Aktualisiert: 27. Jan 2020
English is a rich, patchwork language that is made up of Latin, Germanic and Romance elements. It has been developed over hundreds of years, survived wars, invasions and influences from around the world. With so many wonderful words in our dictionary, we are spoilt for choice. We can use positive words or negative words. Simple ones or difficult ones. Just like a painter uses colour and line to create his art, we use words to organise and decorate our language. We combine them to form sentences, create stories, poems and songs. It is with words that we can communicate and express ourselves, our thoughts and our feelings.
To celebrate how delightful and important words are, we’ve created a list of what we think are 10 of the most beautiful words in the English language. So if you want to increase your vocabulary and impress with your eloquence, then continue reading!
Splendiferous (adj) - having great beauty and splendour.
A splendour is a beautiful sight. Splendiferous things are even better. This somewhat silly-sounding word is a term for praising things that are absolutely fantastic, either because they're beautiful or otherwise great. A gorgeous spring day is splendiferous. A delicious dinner is splendiferous. Seeing a friend for the first time in months is splendiferous. As long as you're referring to something great, it could be called splendiferous.
For example, you could also say:
It’s splendiferous that you’re here and reading this blog!
Serendipity (n) - something positive that happens completely by chance.
If you find good things without looking for them, serendipity — unexpected good luck — has brought them to you. You can thank serendipity if you find a pencil at an empty desk just as you walk into an exam and realise that you forgot yours.
You could also say:
It was pure serendipity when I missed my flight and met the love of my life.
Use euphoria to describe a feeling of great happiness and well-being, but know that euphoria often means more than that - it's unusually, crazy happy, over the top.
You could say:
There was euphoria after France won the world cup.
She was in a state of euphoria for days after she won the prize.
Effervescent (adj) - a liquid giving off bubbles or a person that is full of life and excitement.
Something effervescent has bubbles like a sparkling wine or a bubble bath.
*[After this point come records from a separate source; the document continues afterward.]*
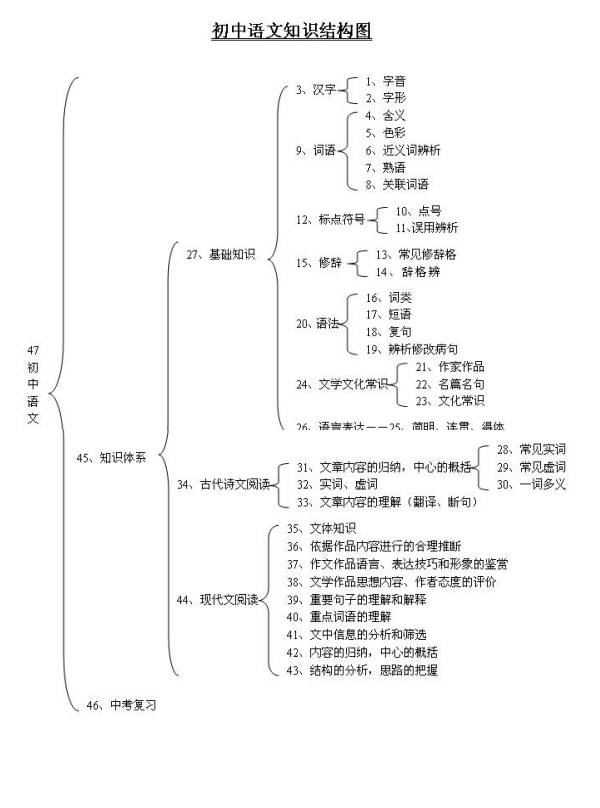 中考语文必考知识点答题技巧17个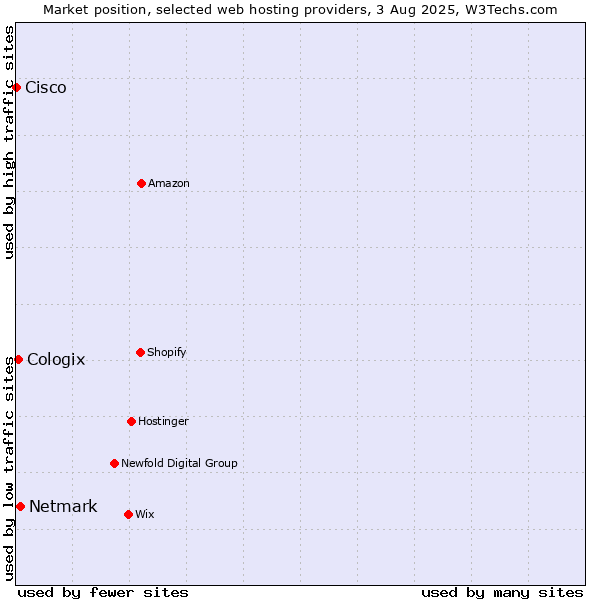 Market position of Netmark vs. Cologix vs. Cisco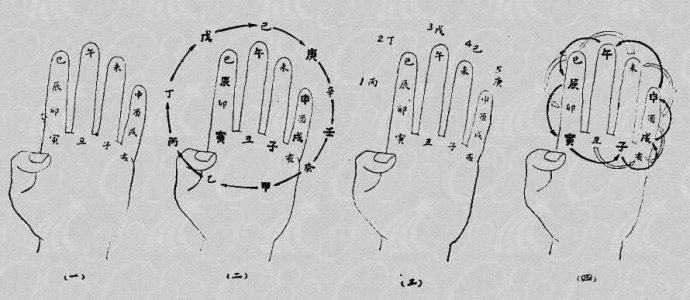 猴年马月与天干地支有关系吗,猴年马月指的是多久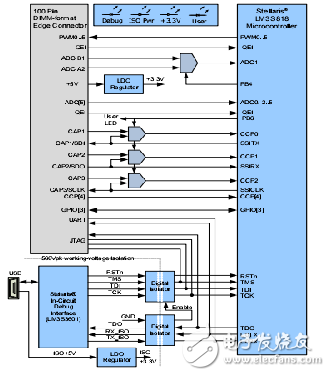 基于LM3S818三相电动机马达驱动设计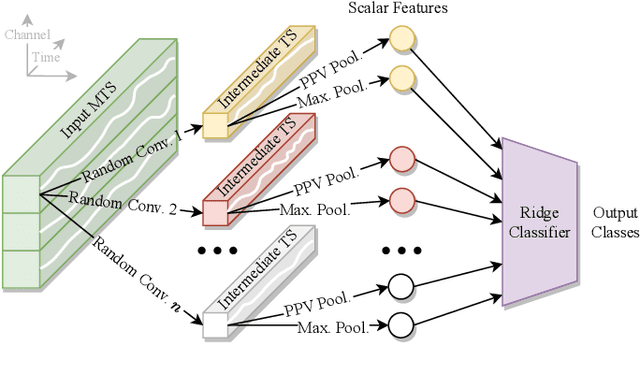 Figure 2 for Time Series Classification for Detecting Parkinson's Disease from Wrist Motions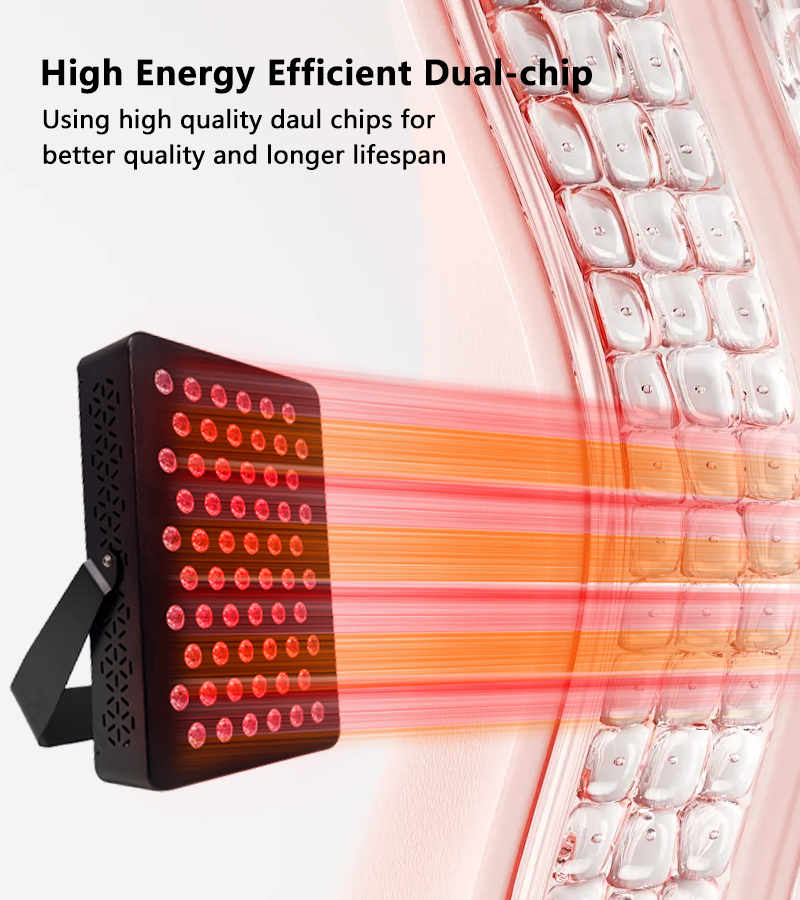 ILUXRED Portable Dual Chips 60PCS LED 5 Wavelengths red light therapy panel with pluse 3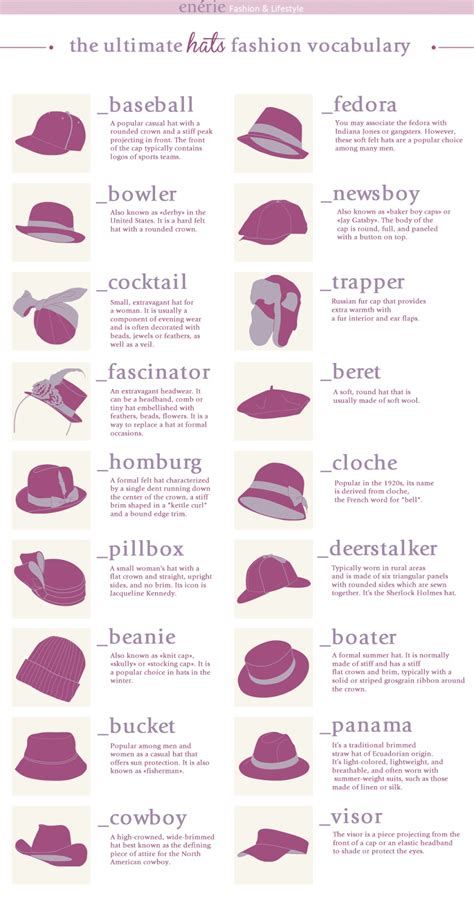 Guide to types of hats : r/coolguides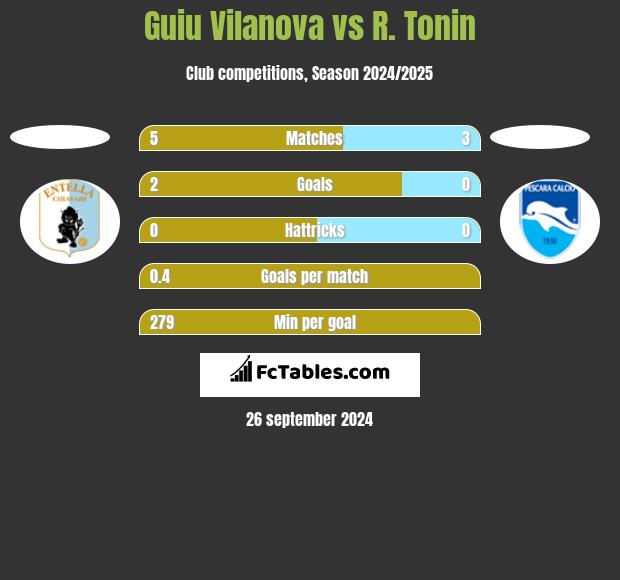 Guiu Vilanova vs R. Tonin h2h player stats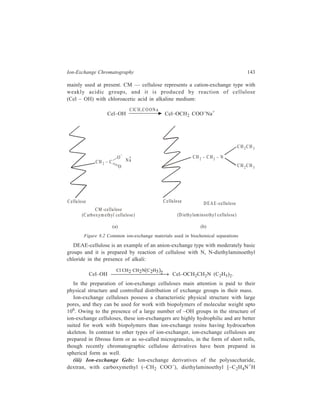 144 Separation Chemistry 
(C2H5)2], sulphoethyl (–C2H4SO3 
– ), sulphopropyl (–C3H6SO3 
– ) and quaternary 
basic groups like – N⊕R3 or N⊕R2 have been prepared. Because of the high 
content of hydroxyl groups of dextran, the ion-exchangers based on this 
polysaccharide are highly hydrophilic and they, therefore, swell up in water or 
electrolyte solutions to give semi-transparent gel particles. These can be packed in 
the normal way into columns for chromatography. 
Dextran ion-exchangers differ from the cellulose ones primarily in their physical 
structures. Though having much larger pores, dextran ion-exchangers are similar 
in their physical structure to the microporous type of ion-exchange resins, the 
porosity of which is a consequence of swelling. Like ion-exchange resins, dextran 
TABLE 8.1 
Examples of some commonly used ion-exchangers 
Type Polymer Functional group Examples of 
commercial products 
Weakly acidic Polyacrylic acid –COO– Ambarlite IRC 50 
(cation exchanger) Bio-Rex 70 
Zeocarb 226 
Cellulose or –CH2COO– CM–Sephdex 
dextran Cellex CM 
Agrose –CH2COO– CM–Sepharose 
Strongly acidic Amberlite IR 120 
(action exchanger) Polystyrene − SO3 
− Bio-Rad AG 50 
Dowex 50 
Zeocarb 225 
Cellulose or 
dextran –CH2CH2CH2SO3 
– SP-Sephadex 
Weakly basic 
(anion-exchanger) Polystyrene –CH2N+HR2 Amberlite IR 45 
Bio-Rad AC = 3 
Dowex WGR 
+ 
H(CH2CH3)2 DEAE-Sephadex 
Cellulose or –CH2CH2N 
Dextran Cellex D 
Agrose –CH2CH2N 
+ 
H(CH2CH3)2 DEAE-Sepharose 
+ 
(CH3)3 Amberlite IRA 401 
Strongly basic Polystyrene –CH2N 
(anion exchanger) Bio-Rad AG1 
Dowex 1 
+ 
(CH3)2 Amberlite IRA 410 
–CH2N 
Bio-Rad Ag-2 
CH2CH2OH Dowex 2 
Cellulose or 
dextran –CH2CH2N 
+ 
(CH2CH3)2 Cellex T 
 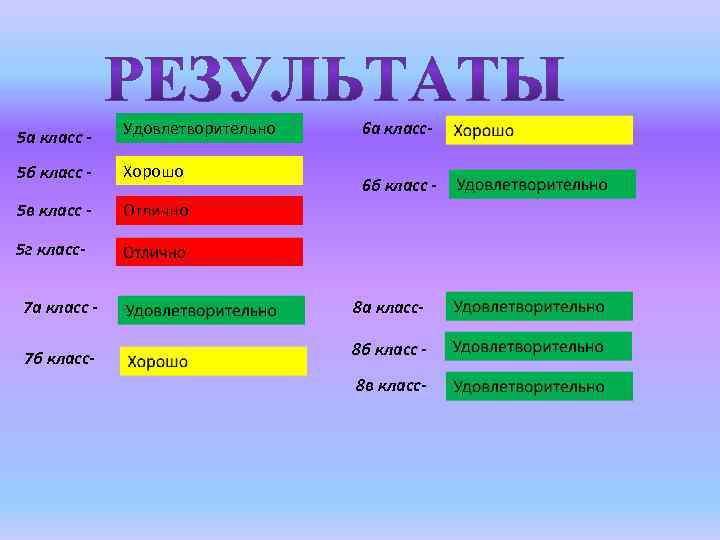 5 а класс - Удовлетворительно 5 б класс - Хорошо 5 в класс -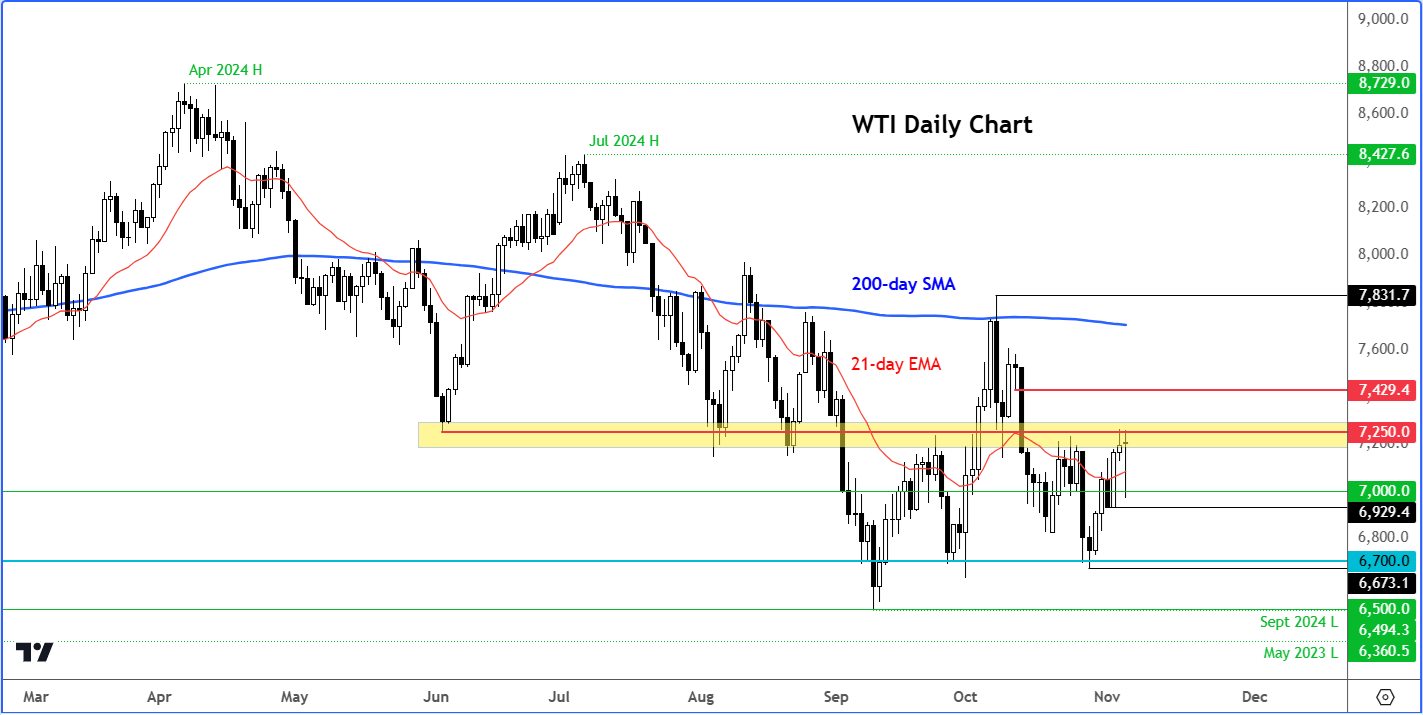 crude oil forecast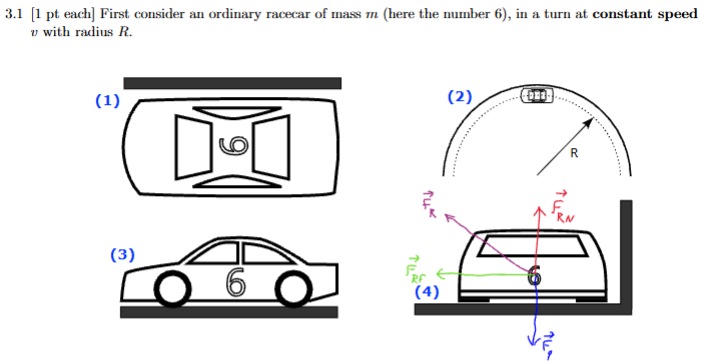 <p>In terms of mass m, turn radius R, the constant g and the coefficient of static friction between the tires and the road, μR, what is the maximum speed that the racecar can drive?</p>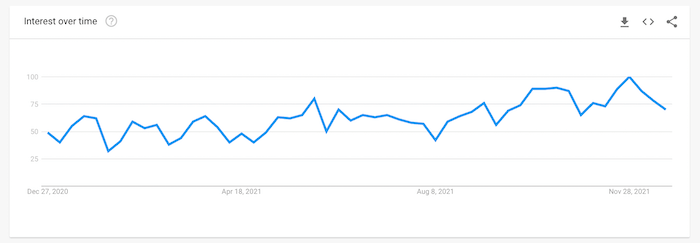 Worldwide Interest for Stoicism on YT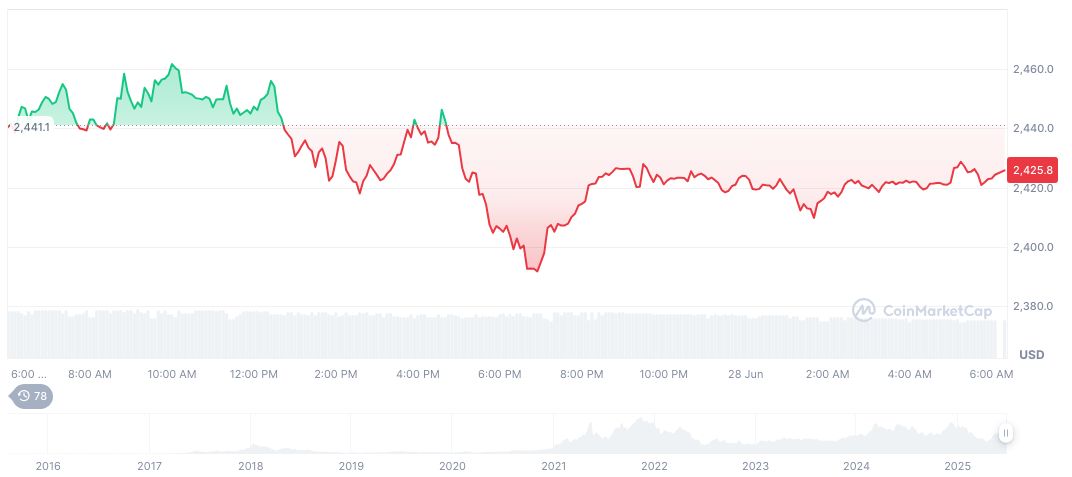 Vitalik Buterin Analyzes Digital Identity Risks in New Article 1 ethereum-daily-chart-546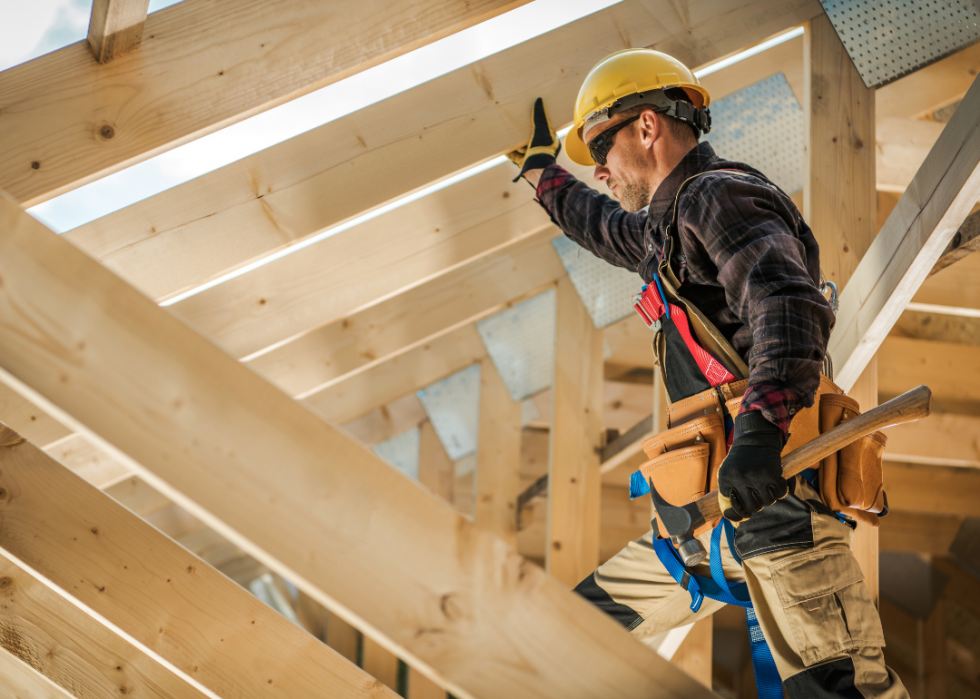 États avec le plus de nouveaux permis de construction de logements 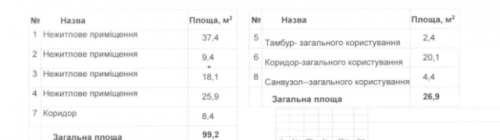 Sell office. Киев, Харьковское шоссе — photo 3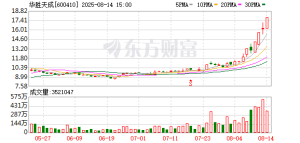 11月19日龙虎榜复盘：“T王”1.05亿元净买入华胜天成
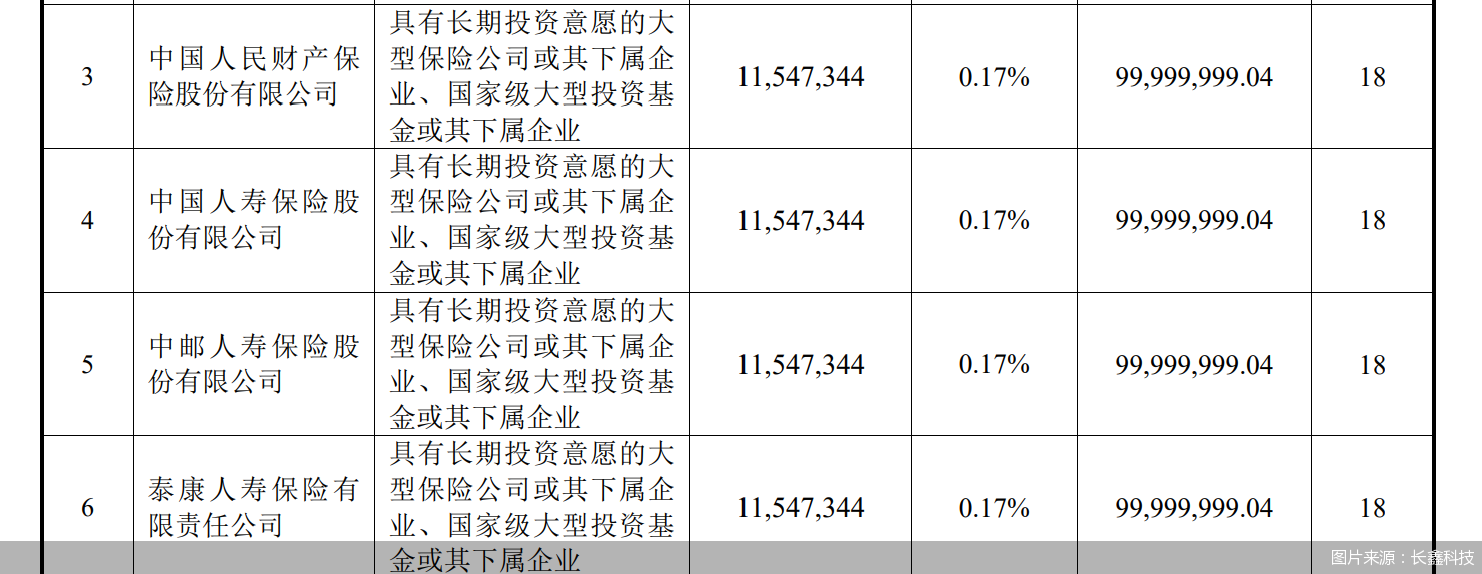 图片来源：长鑫科技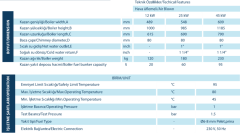 25 KW AKTES PELET KAZAN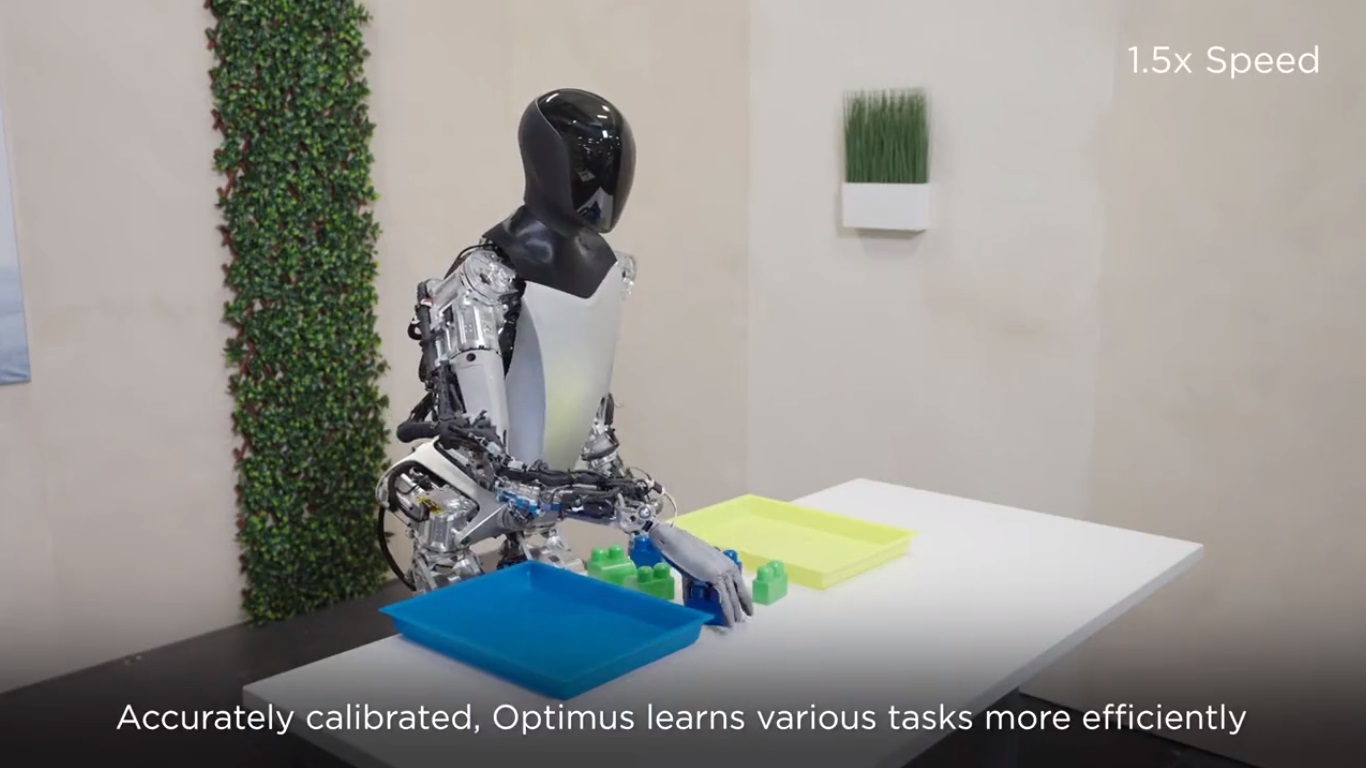 Tesla's Optimus Robot: Navigating The Complexities Of Rare Earth Supply Chains Tesla's Optimus Robot: Navigating The Complexities Of Rare Earth Supply Chains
If you have a happy, light, cheerful personality – if you are “bubbly” – then you too are effervescent.
Mellifluous (adj) – a sound that is sweet and smooth, pleasing to hear.
Use the adjective mellifluous to describe something that sounds sweet and smooth, like the honeyed voice of a late-night radio DJ. Interestingly, in Latin, mel means "honey" and fluere means "to flow" – to flow like honey.
For example, you could say:
My mother was gifted with a mellifluous voice. Or,
I enjoy the mellifluous sound of the cello.
Bibliophile (n) - someone who loves (and usually collects) books.
You can call a book lover a bibliophile. If you find it impossible to leave a bookstore without buying at least one book, you might be a bibliophile. A bibliophile usually has a huge collection of books and loves nothing more than browsing in a used bookshop or a library.
Inconspicuous describes something that doesn't stand out or attract attention. The bad news? You just got pizza sauce on your shirt. The good news? It landed in an inconspicuous spot, so no one will notice.
For example, you could also say:
Chameleons can change to an inconspicuous colour so that they can’t be seen.